The Fair Debt Collection Practices Act (FDCPA) has strict rules regarding when a debt collector can and cannot communicate directly with the consumer. For example, a debt collector cannot communicate directly with the consumer if the collector knows the consumer is represented by an attorney except for in a limited set of circumstances.
The Seventh Circuit recently reviewed the issue of communicating with a consumer in the context of a collection lawsuit where the consumer’s attorney had not yet entered an appearance with the court but the debt collector knew that the consumer had an attorney. In Holcomb v. Freedman Anselmo Lindberg, LLC, No. 17-2532 (7th Cir. Aug. 21, 2018), the Seventh Circuit found no violation in this particular set of facts due to the way the Illinois Supreme Court Rules are written.
Factual and Procedural Background
Portfolio Recovery Associates purchased Betty Holcomb’s (plaintiff-appellee) credit card debt and hired Freedman Anselmo Lindberg, LLC (Freedman), a law firm, to collect it. Freedman filed a collections complaint in state court. Initially, Plaintiff-appellee represented herself in this action but at some point retained an attorney. Plaintiff-appellee’s counsel appeared on her behalf at several court hearings but never officially entered an appearance with the court.
Freedman went on to file a motion for default judgment against plaintiff-appellee.

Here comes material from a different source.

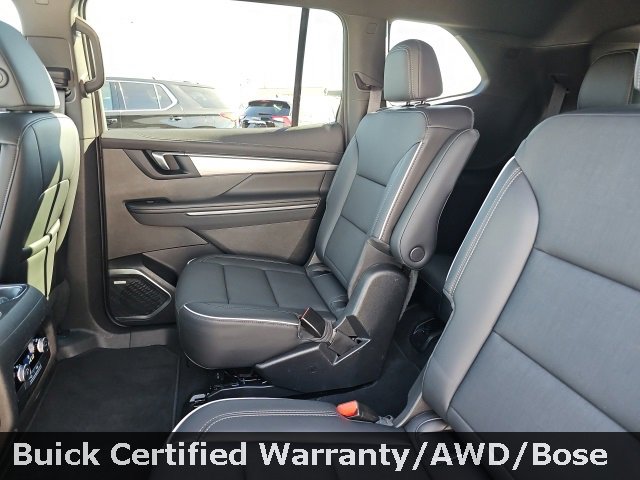 Certified 2025 Buick Enclave Preferred image 27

Per local state court rules, Freedman was required to serve the motion on the other party’s “attorney of record,” otherwise service would need to be made on the party. Since plaintiff-appellee’s attorney had not yet entered an appearance in the case, Freedman served the motion for default directly upon plaintiff-appellee as required by the court rules and on plaintiff-appellee's counsel.

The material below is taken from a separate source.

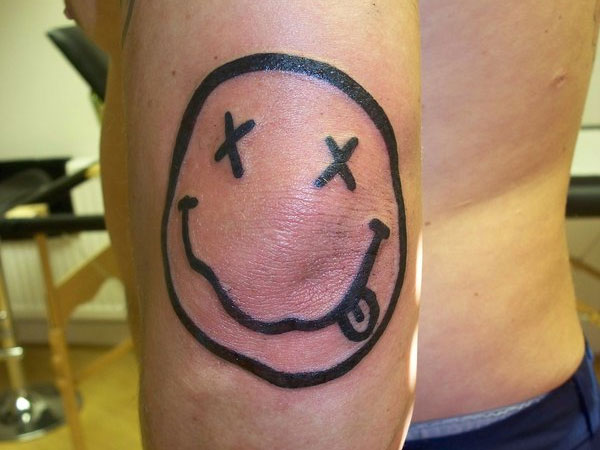 Tatouage De Coude Smiley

Plaintiff-appellee then filed a claim against Freedman alleging that it violated the FDCPA by communicating directly with her even though Freedman knew she was represented by an attorney. The trial court granted summary judgment to plaintiff-appellee, a decision that Freedman appealed to the Seventh Circuit Court of Appeals.
The Seventh Circuit overturned the trial court’s decision, stating that Freedman had no choice but to serve the motion for default upon the consumer. In making its decision, the Seventh Circuit delved into the FDCPA exceptions and the relevant state law.
Looking at the FDCPA, the court notes that the statute permits communication directly with a consumer even if the consumer is represented by counsel if the debt collector has “express permission of a court of competent jurisdiction.” The court found that the local court rules fall into that category.
The court noted that the Illinois Supreme Court Rules required Freedman to serve plaintiff-appellee directly. The Court Rules require that the party itself must be served if there is no attorney of record. The court was unswayed by plaintiff-appellee’s argument that Freedman knew of her attorney and had seen her attorney representing her at court hearings during this case. The court pointed to Illinois’ bright line rule that filing a written appearance or other pleading with the court is the only way to become an attorney of record. Since plaintiff-appellee’s attorney never filed a notice of appearance nor a signed pleading, plaintiff-appellee had no attorney of record for the purpose of service and thus service on plaintiff-appellee was proper.
While this ruling illuminates the bright-line rules of communicating with a consumer in this particular context, it is important to note that this is not universally applicable. The court looked directly at the Illinois Supreme Court Rules, which very specifically outline what is required to become an attorney of record and how to serve court documents on the other side. Other state court rules may differ, so it is important to review the facts of each situation individually.